My lovely wife, Laura, used to tell me she had no “gifts” to speak of.
“You are a writer, but I can’t really do anything.”
Meanwhile, she was of such great encouragement to me, she literally helped save my life (as detailed in the blogs, “My Suicide,” parts one and two). She’s also the best multi-tasker I’ve ever met. I’ve been known to juggle four or five tasks at once, but Laura can handle three to four times that.
And she thought she had no specific gifts. The people she works with say she’s absolutely indispensable, and I can say the same about her in my life.
You may be the same way, mildly despondent because you’re not even sure why you were put on this Earth.

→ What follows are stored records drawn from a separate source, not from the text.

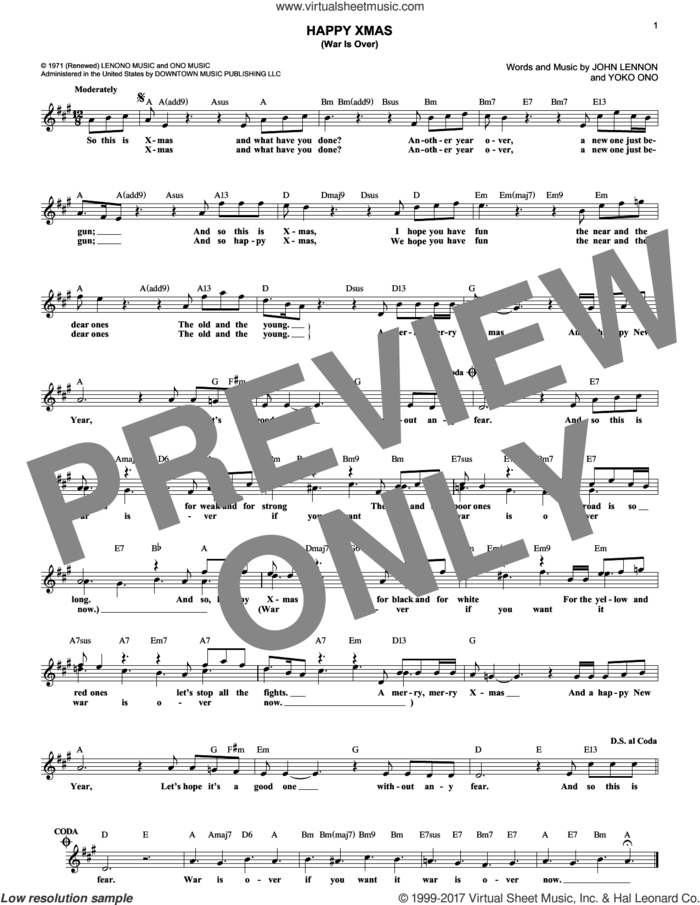 Happy Xmas (War Is Over) sheet music for voice and other instruments (fake book) by John Lennon, Sarah McLachlan and Yoko Ono, intermediate skill level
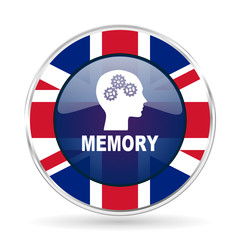 memory british design icon - round silver metallic border button with Great Britain flag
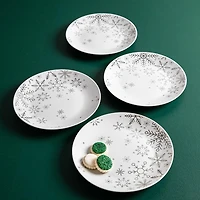 KSP Christmas Decal 'Snowfall' Porcelain Side Plate - Set of 4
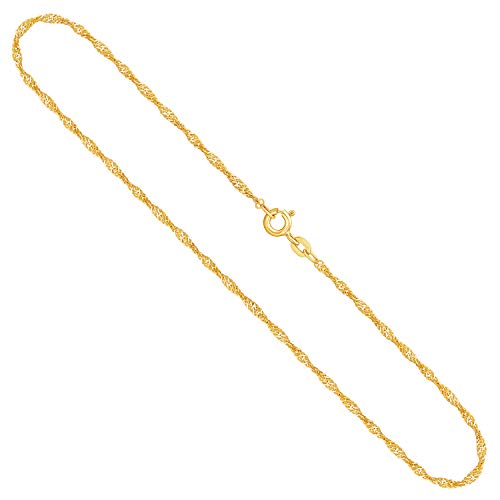 EDELIND Goldkette Damen 333 Gold Dünne 1,8 mm Kette Echtgold Singapurkette Gelbgold Halskette Länge 42 cm mit Schmuck Geschenk Box Made in Germany EDELIND Goldkette Damen 333 Gold Dünne 1,8 mm Kette Echtgold Singapurkette Gelbgold Halskette Länge 42 cm mit Schmuck Geschenk Box Made in Germany von EDELIND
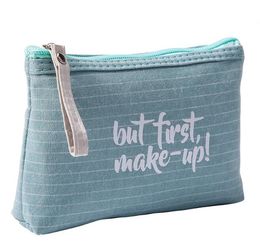 10pcs Cosmetic bags Women Letter prints canvas Multifunctional Zipper Toilertry Organise Storage Pouch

“I can’t sing,” you may be moaning, “I can’t write, I can’t act, I can’t do anything.”
My dad used to say about his dad, my Grandpa Weddle: “Dad doesn’t expect money or presents, he would just like someone to stop by every now and then and talk to him.”
My first “real” job was a Nurse’s Aid in a nursing home, and we had an “adopt-a-grandparent” program. I chose a little, wheelchair-bound man named Clyde. Look in the dictionary under “smooth”and you’ll find his picture. He’d pull his ball cap barely above his squinty eyes, shuffling through the hallways, never saying much more than “that’s fine.”

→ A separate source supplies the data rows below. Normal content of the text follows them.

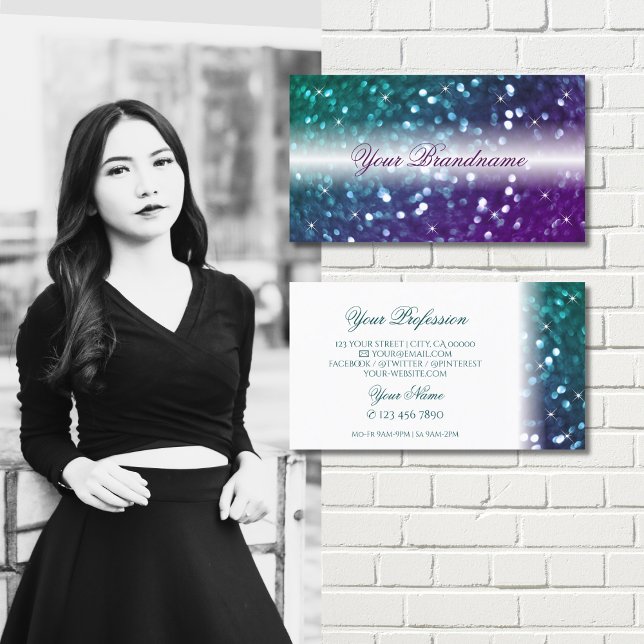 Snyggt White Teal Lila Gnistra Glitter Modern Visitkort (Skapare uppladdad)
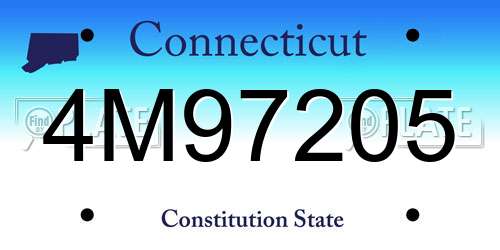 4M97205 Connecticut License Plate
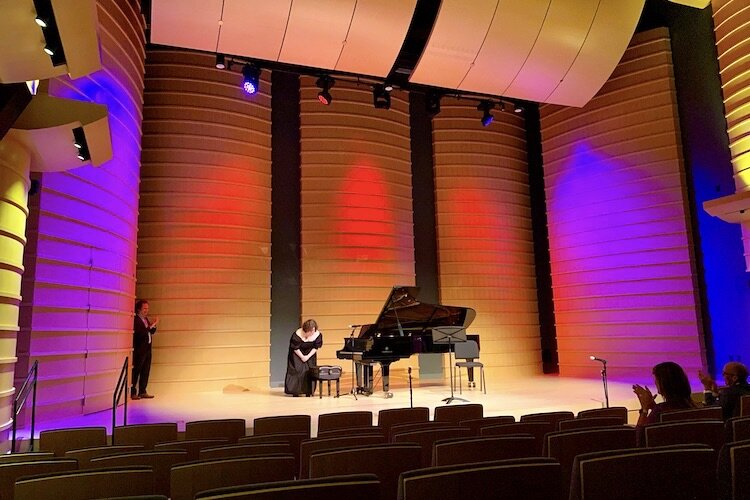 A 200-seat, acoustically tuned theater on the ground floor of the new Ferman Center for the Arts at UT gives students space to perform in front of an audience.
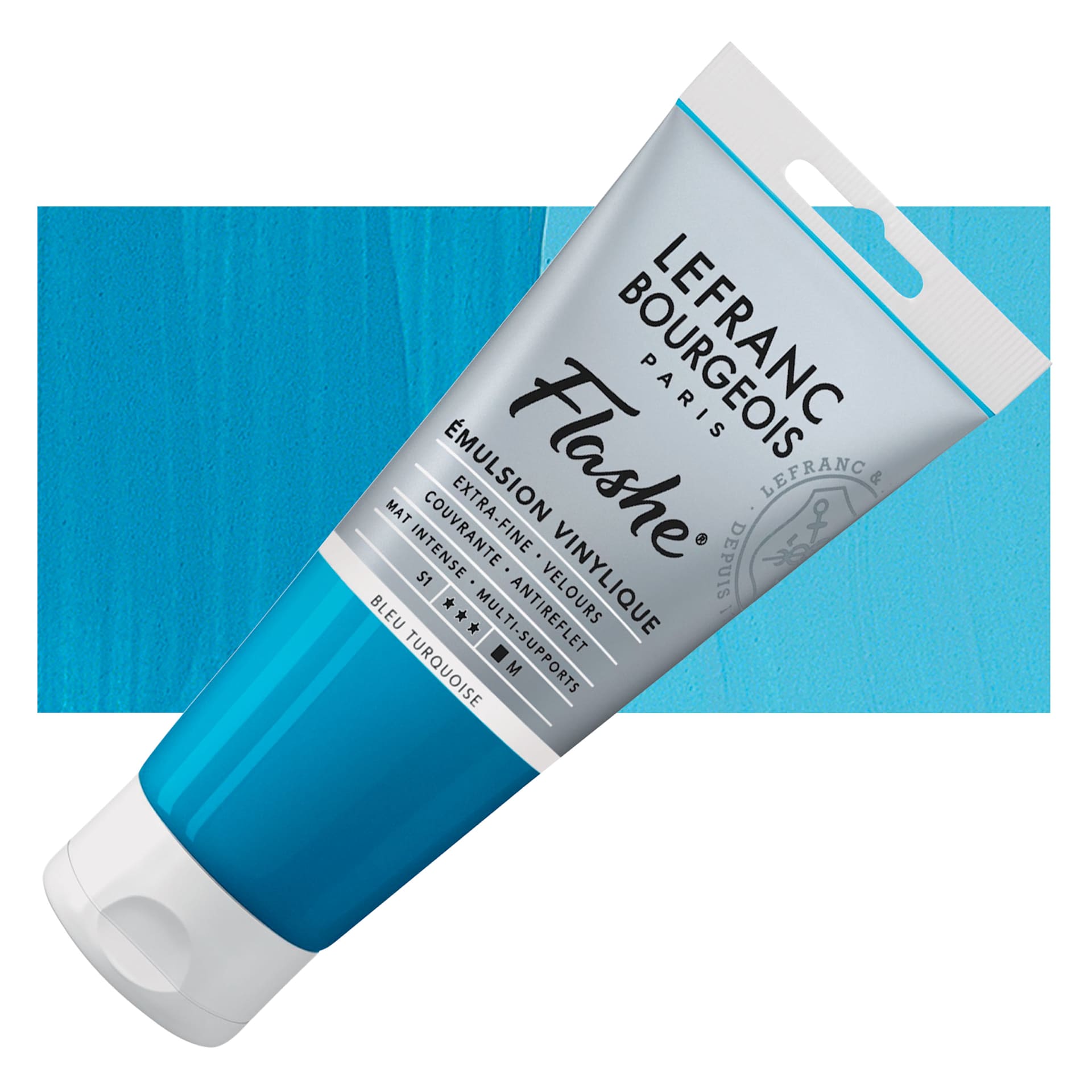 Lefranc & Bourgeois Flashe Vinyl Paint - Turquoise Blue, 80 ml tube and swatch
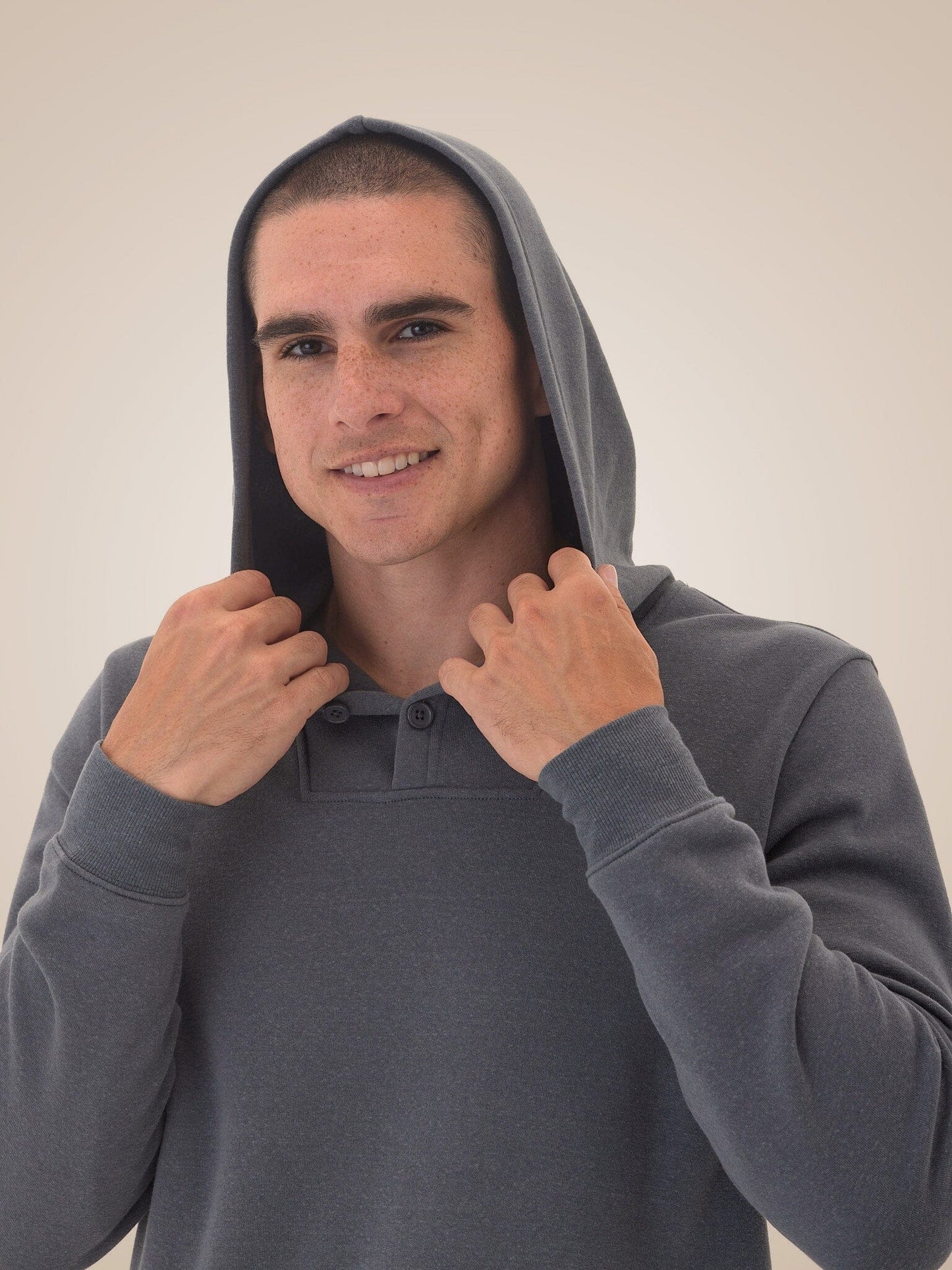 Kieran Triblend Fleece Henley Hoodie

Yeah, good, ole Clyde. He was cool. I told him I’d chosen him as my “adopted grandparent,” and he just smiled, and, as expected, said, “Yeah…that’s fine.”
Our main task was just to talk to our adoptees. Not spend money on them, but talk to them.
“People are so lonely,” the charge nurse would say. “Many of these people have nobody to talk to them, so just spending a few minutes visiting with them really perks them up. Don’t do anything fancy, just go sit with him and talk.”
When my grandson comes out to our country home for a visit, he doesn’t need gifts or fancy food, he just wants to hang out with “Nana and Poppy.” One thing my son and I do is take my grandson to the barn and hang out. We just talk, and maybe play cowboys or superheroes. Doesn’t cost me anything except a little time and effort, and makes a world of difference to him.
I’m guessing there is at least one person you can think of right now who would benefit from a visit. Even half an hour, just to stop by and see how they’re doing.
That’s something we can all do. Take a few minutes to contact a friend or family member, just to say “hello,” and let them know you’re thinking about them. People are literally dying of loneliness, and we have the (super)power of love and laughter on our side. There is a great chance you’ll be a flicker of light in an otherwise bleak day.
After all, a candle doesn’t seem to give off much light until you carry it into the pitch of black, right?